» DATA TO PROCESS
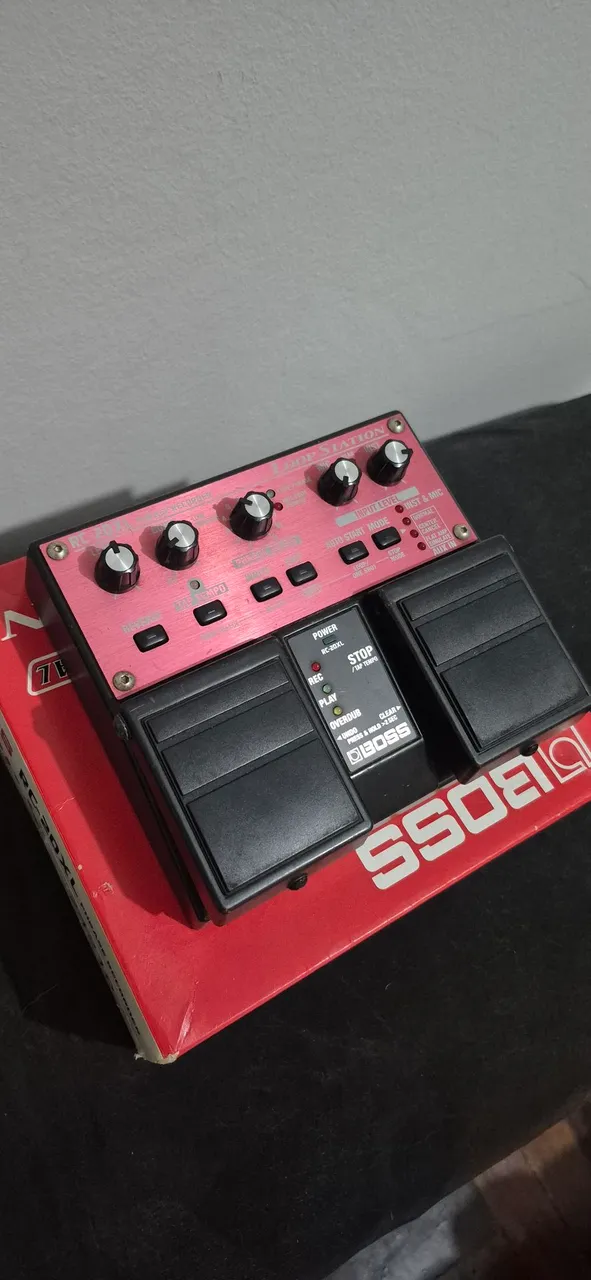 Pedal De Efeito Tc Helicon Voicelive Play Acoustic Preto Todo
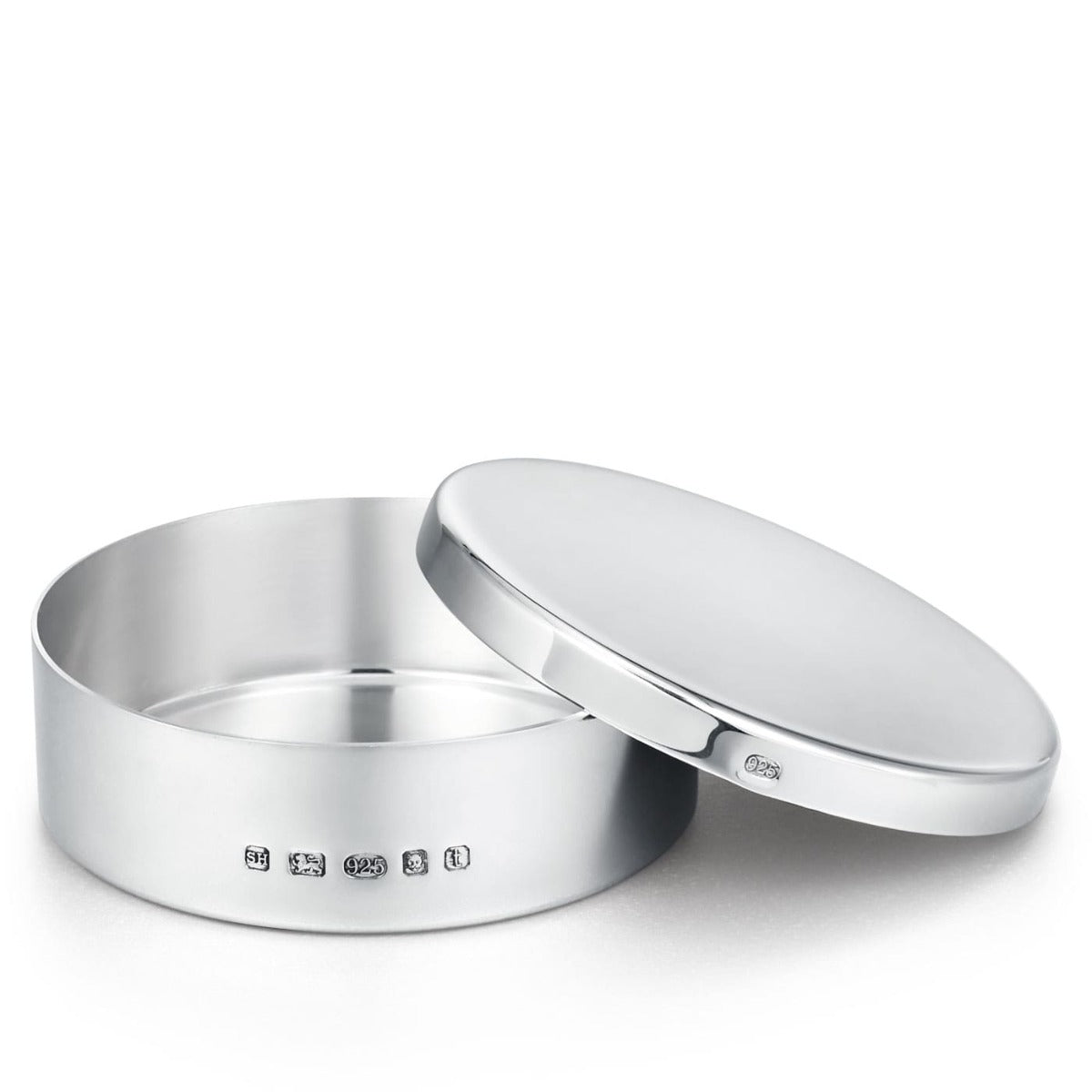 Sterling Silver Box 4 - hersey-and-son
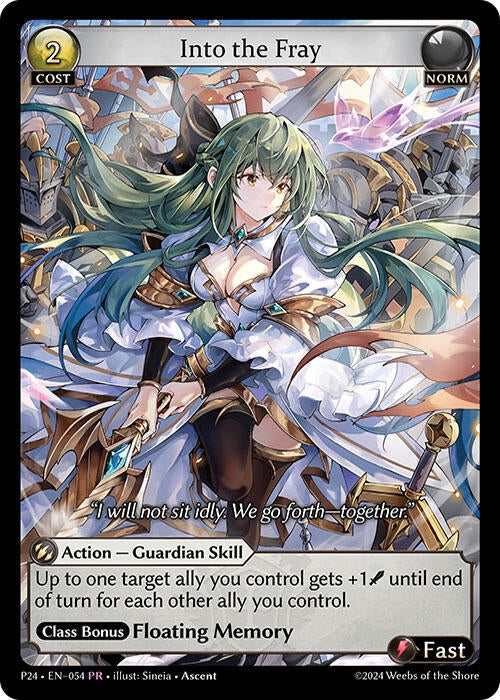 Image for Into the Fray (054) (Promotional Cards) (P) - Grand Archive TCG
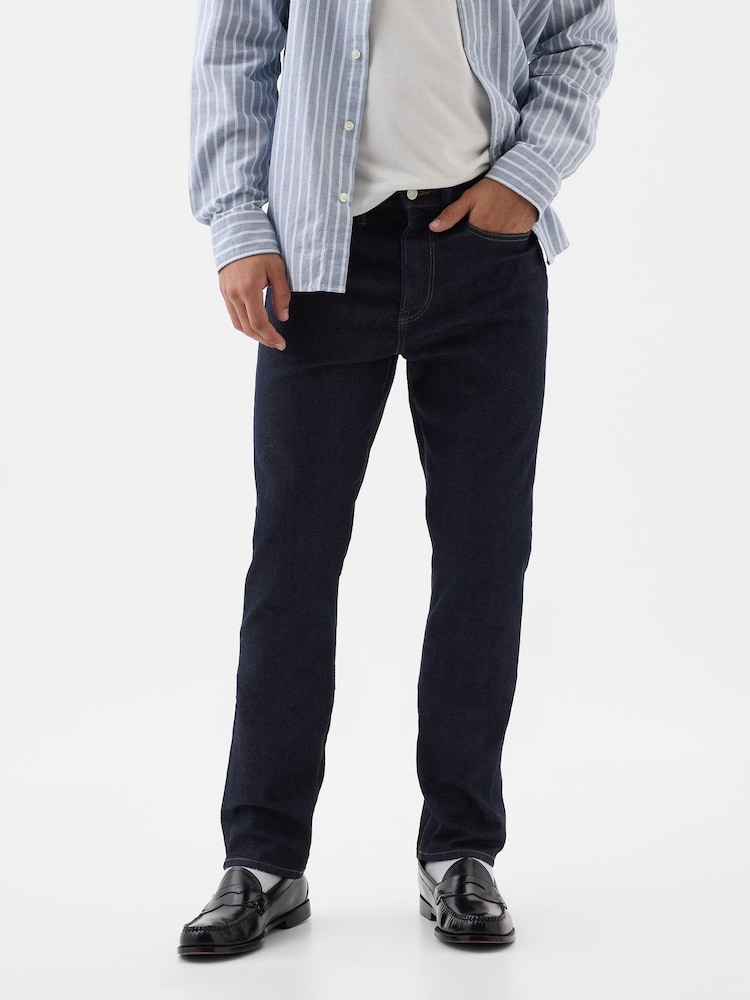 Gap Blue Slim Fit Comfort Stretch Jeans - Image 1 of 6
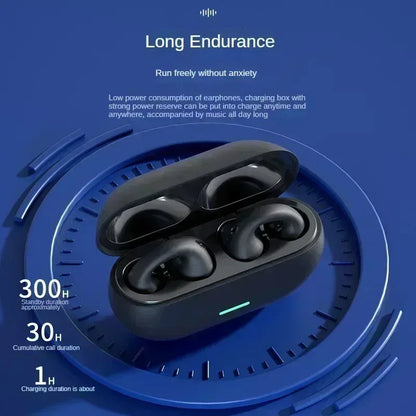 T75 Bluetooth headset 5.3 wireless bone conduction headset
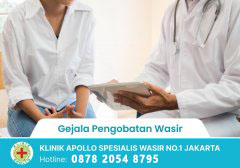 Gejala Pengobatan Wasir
* * *
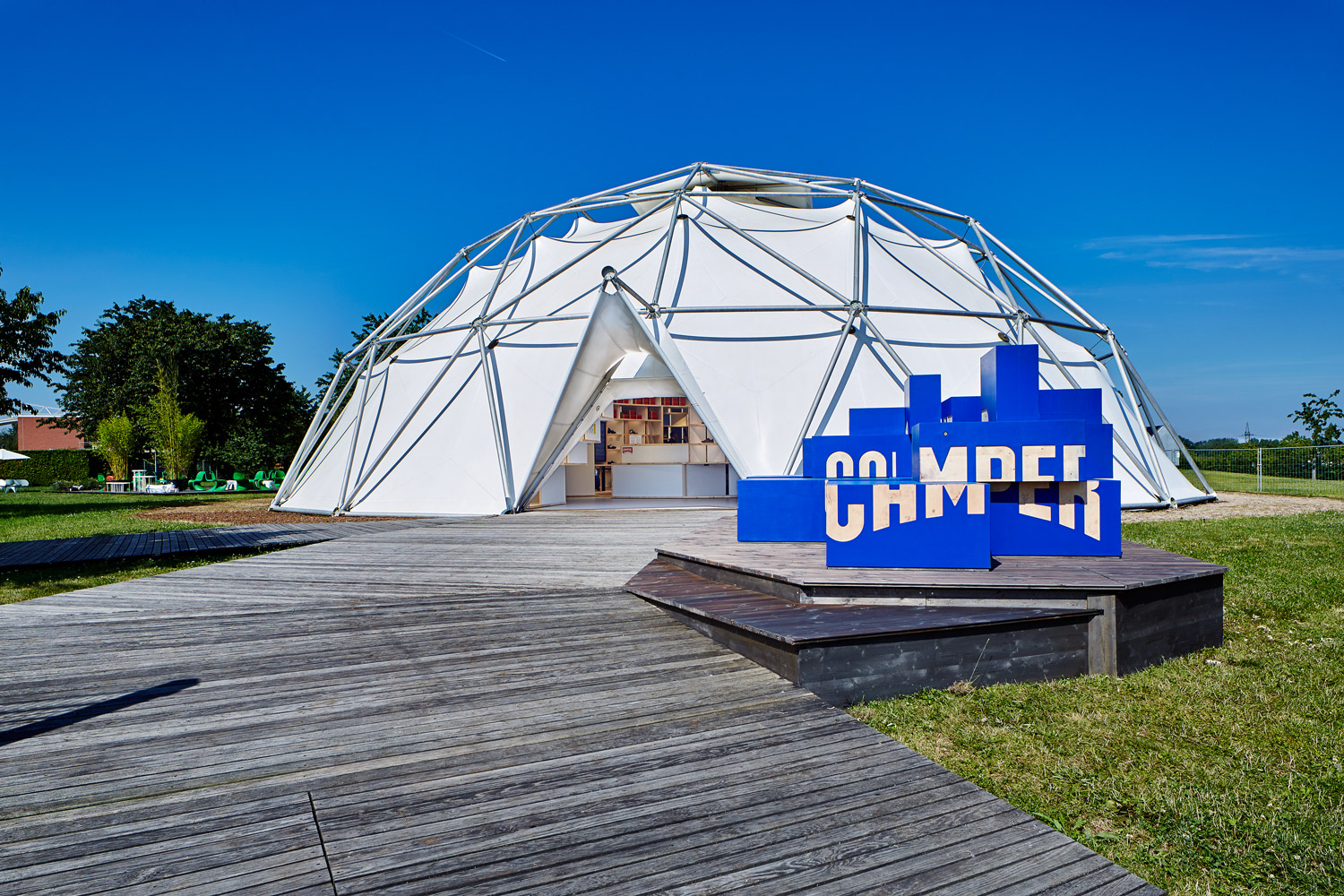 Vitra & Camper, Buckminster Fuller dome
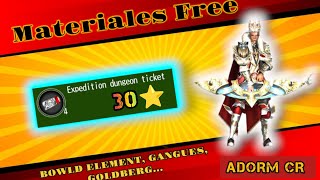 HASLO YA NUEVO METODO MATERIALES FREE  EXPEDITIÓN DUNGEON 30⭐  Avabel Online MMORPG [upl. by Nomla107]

» DIRECTIONS
Please repeat, exactly as written, the lines in the records above, starting with the one that has "Vitra & Camper, Buckminster Fuller dome" and going on through the one that has "HASLO YA NUEVO". Pictures are to be left out.

» TASK SOLUTION
 Vitra & Camper, Buckminster Fuller dome
 HASLO YA NUEVO METODO MATERIALES FREE  EXPEDITIÓN DUNGEON 30⭐  Avabel Online MMORPG [upl. by Nomla107]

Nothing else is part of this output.